■ **How to complete this task**
For the material below, the expected output is exactly the lines between the line holding "Giá mật ong nguyên chất bao" and the line holding "mute-swan-portraits-v2_1330319", inclusive, with pictures left out.

[[ Records provided, beginning ]]

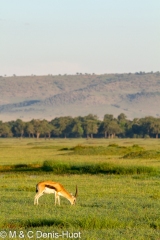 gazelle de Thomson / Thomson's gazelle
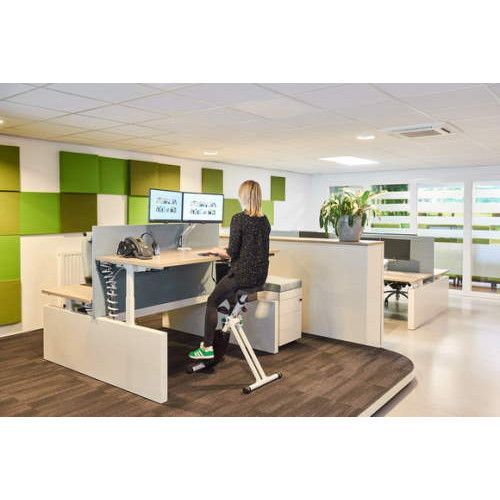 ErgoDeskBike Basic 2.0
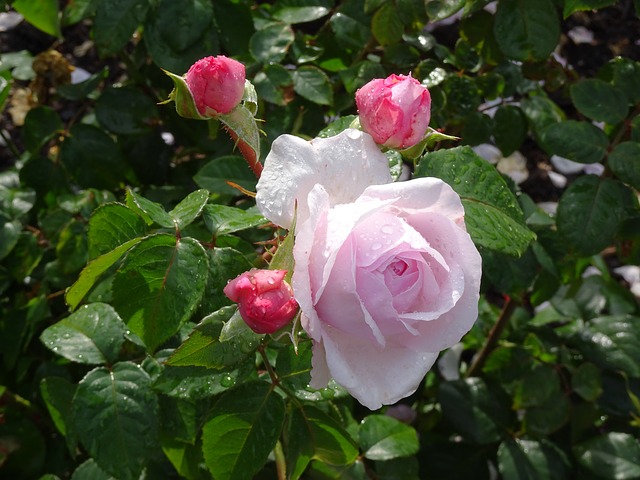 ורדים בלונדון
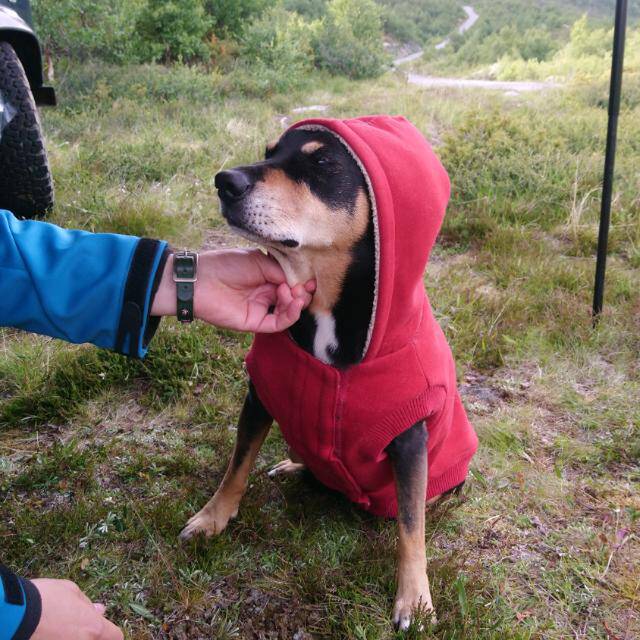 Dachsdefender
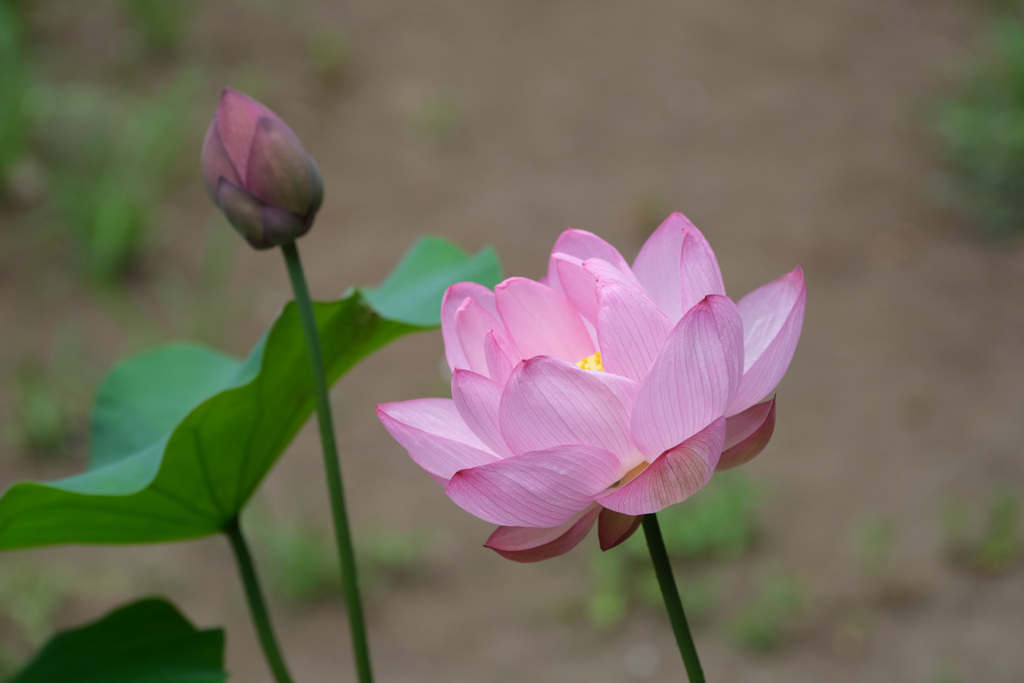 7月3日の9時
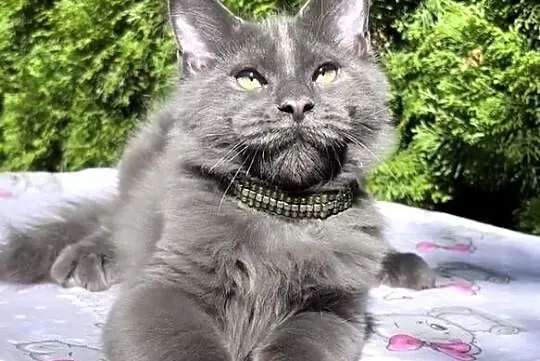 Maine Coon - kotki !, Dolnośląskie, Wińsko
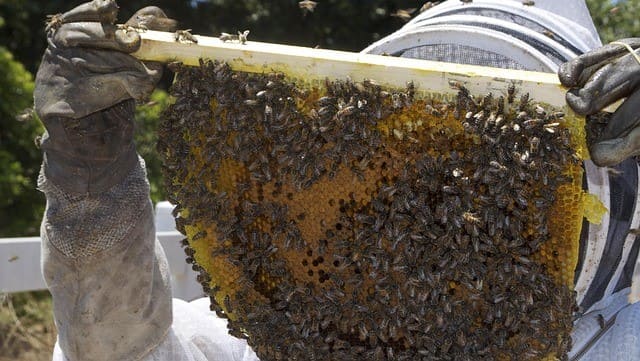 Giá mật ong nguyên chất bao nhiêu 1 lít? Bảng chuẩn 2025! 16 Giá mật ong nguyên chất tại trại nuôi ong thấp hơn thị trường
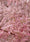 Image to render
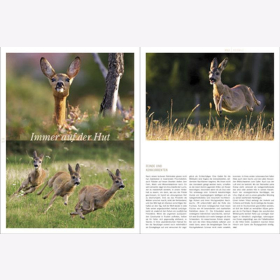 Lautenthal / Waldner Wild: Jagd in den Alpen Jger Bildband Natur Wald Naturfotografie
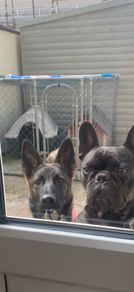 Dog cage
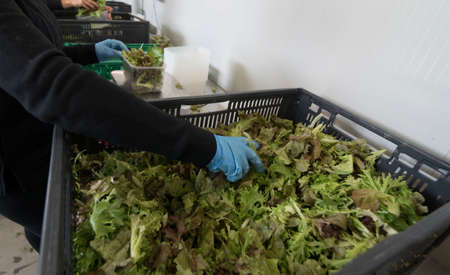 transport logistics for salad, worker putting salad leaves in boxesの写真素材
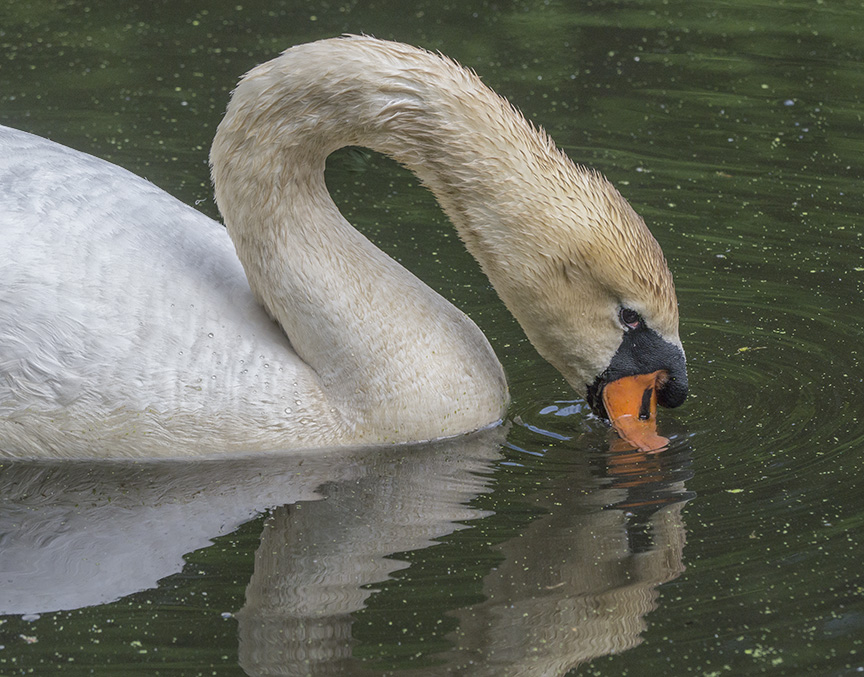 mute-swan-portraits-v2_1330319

[[ Records provided, end ]]
[[ Records provided, beginning ]]

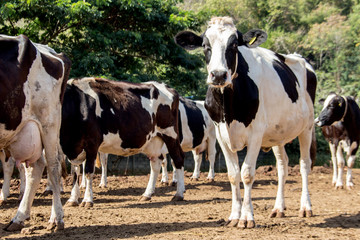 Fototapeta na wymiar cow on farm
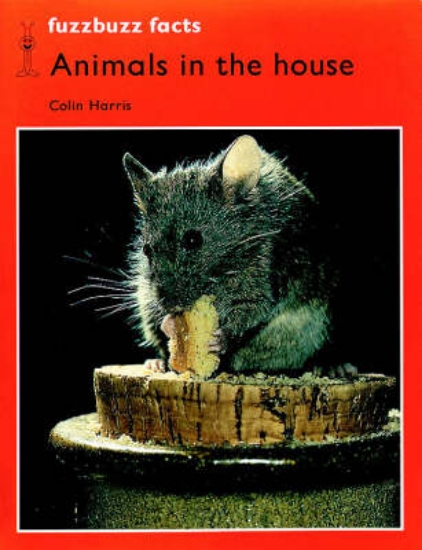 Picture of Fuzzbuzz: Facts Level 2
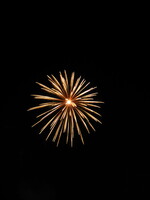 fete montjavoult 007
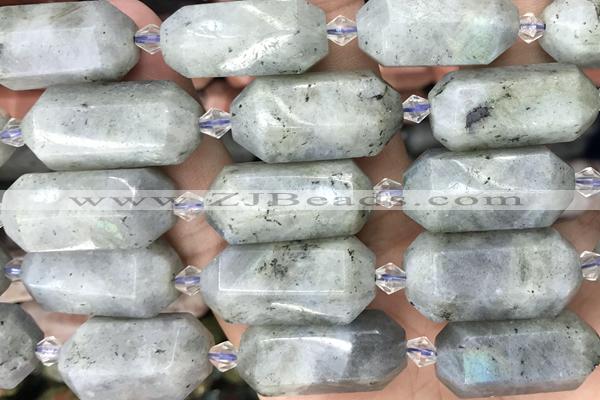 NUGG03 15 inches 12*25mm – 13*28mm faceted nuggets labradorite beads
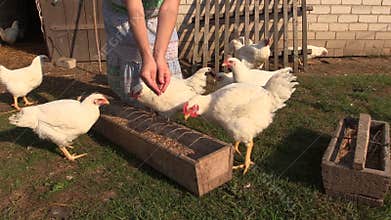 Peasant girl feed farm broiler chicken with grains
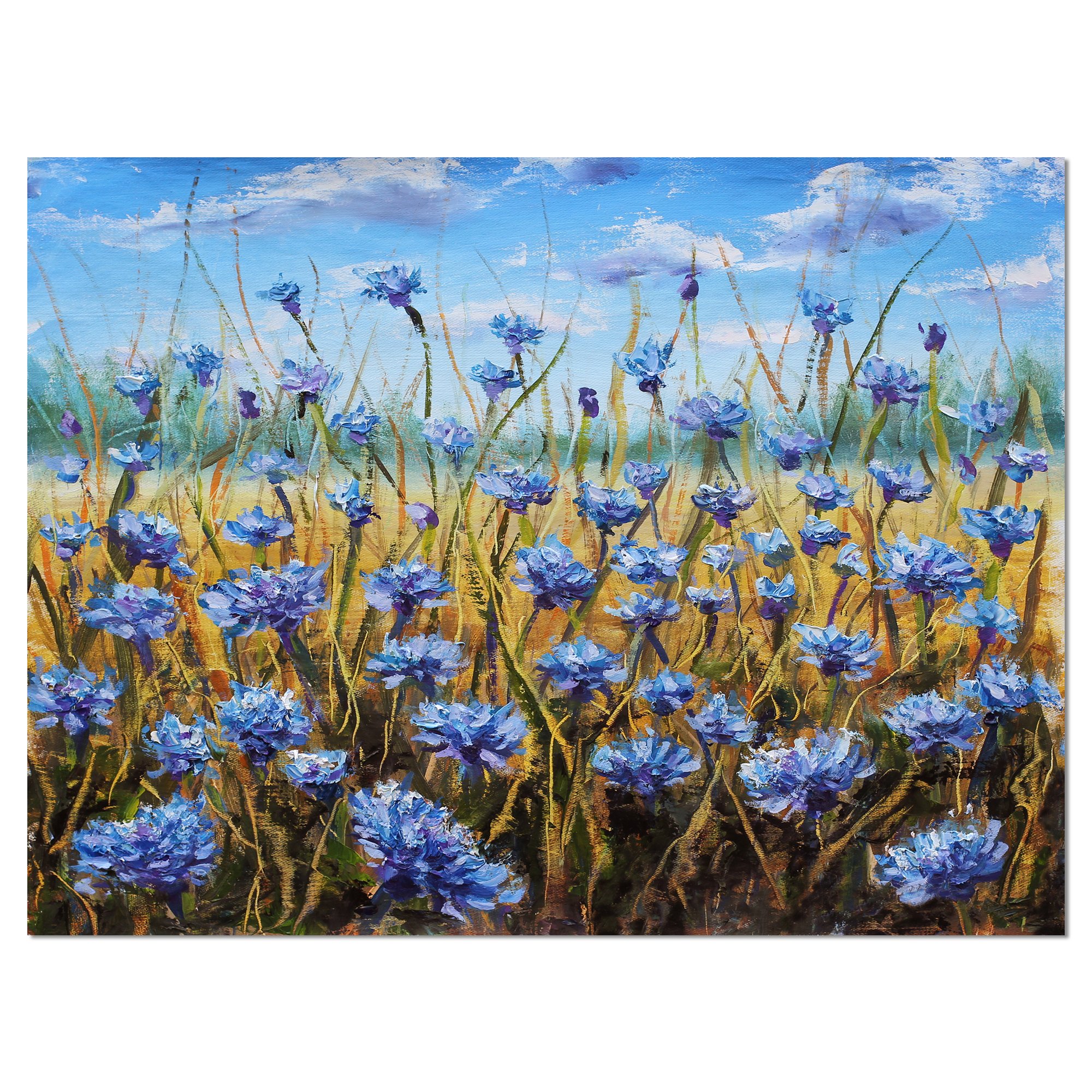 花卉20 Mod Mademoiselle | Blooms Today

[[ Records provided, end ]]

■ **Exercise result**
 Giá mật ong nguyên chất bao nhiêu 1 lít? Bảng chuẩn 2025! 16 Giá mật ong nguyên chất tại trại nuôi ong thấp hơn thị trường
 Image to render
 Lautenthal / Waldner Wild: Jagd in den Alpen Jger Bildband Natur Wald Naturfotografie
 Dog cage
 transport logistics for salad, worker putting salad leaves in boxesの写真素材
 mute-swan-portraits-v2_1330319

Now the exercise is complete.